DATA EXTRACTS —
☆ ☆ ☆

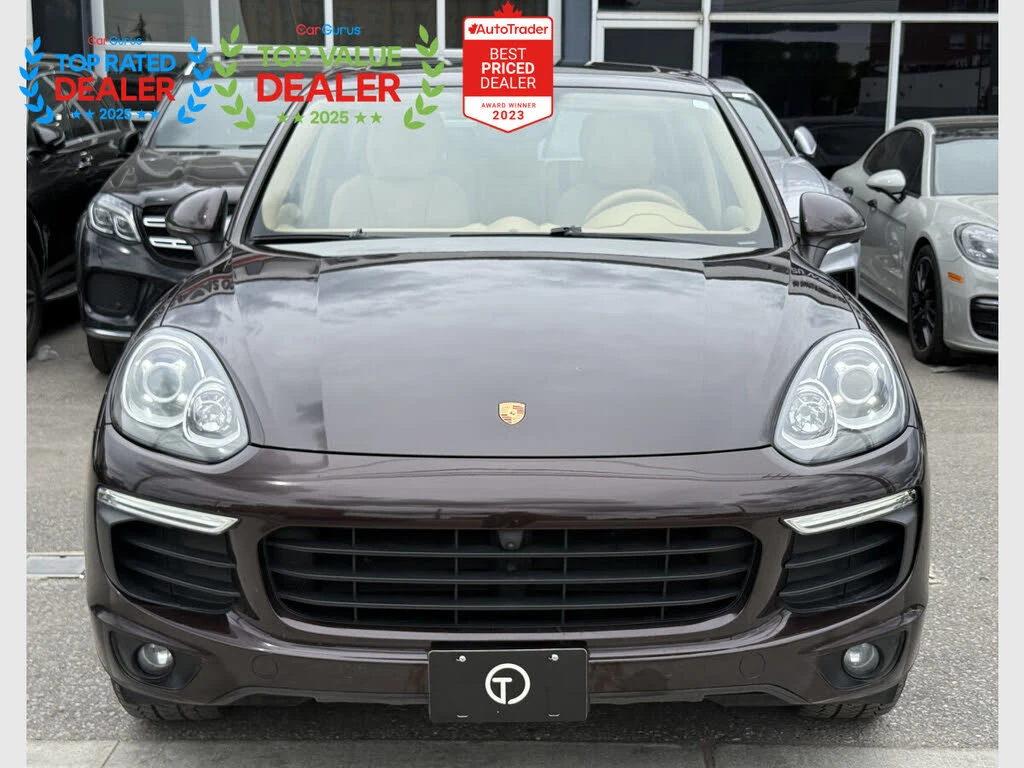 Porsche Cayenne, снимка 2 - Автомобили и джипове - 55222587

☆ ☆ ☆

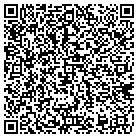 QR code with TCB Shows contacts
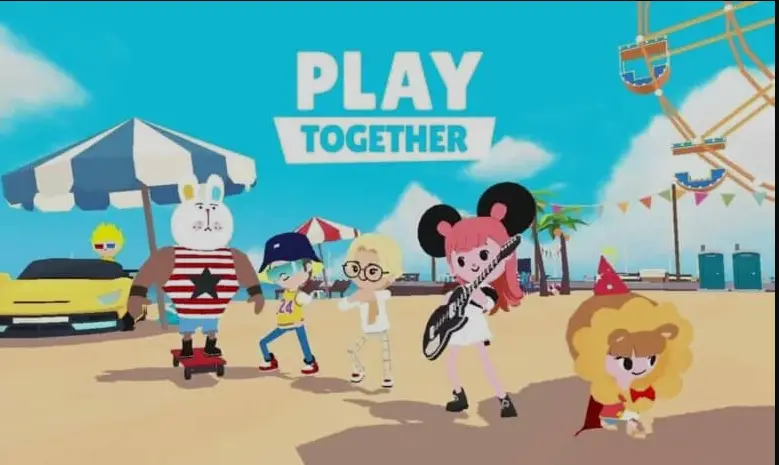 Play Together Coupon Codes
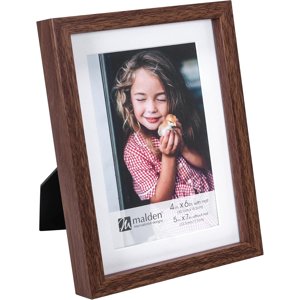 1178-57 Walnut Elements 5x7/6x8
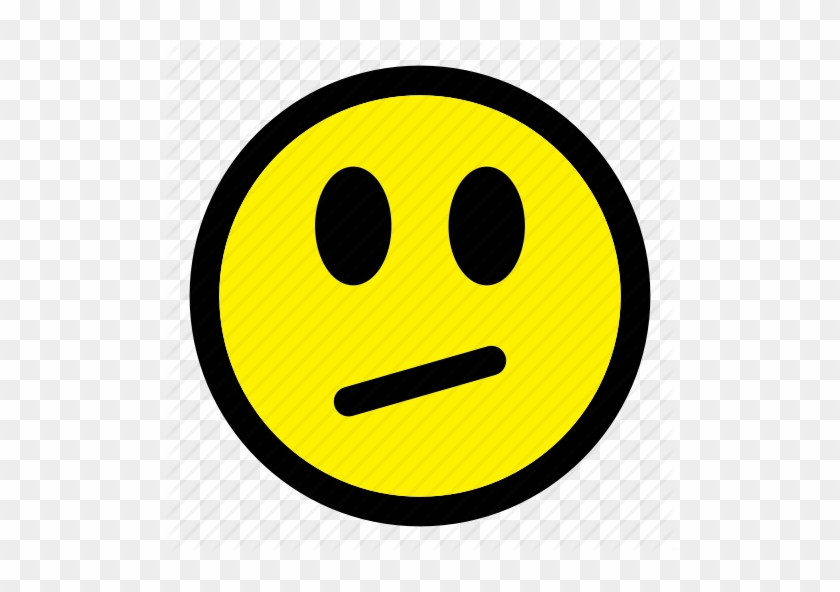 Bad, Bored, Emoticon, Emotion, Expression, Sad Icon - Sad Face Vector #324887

☆ ☆ ☆

WORK TO BE COMPLETED —
Nothing but the lines above, starting at the line that contains "1178-57 Walnut Elements 5x7/6x8" and ending at the line that contains "Bad, Bored, Emoticon, Emotion, Expression, Sad", should be given again, exactly and without the pictures.

WRITTEN REPLY —
 1178-57 Walnut Elements 5x7/6x8
 Bad, Bored, Emoticon, Emotion, Expression, Sad Icon - Sad Face Vector #324887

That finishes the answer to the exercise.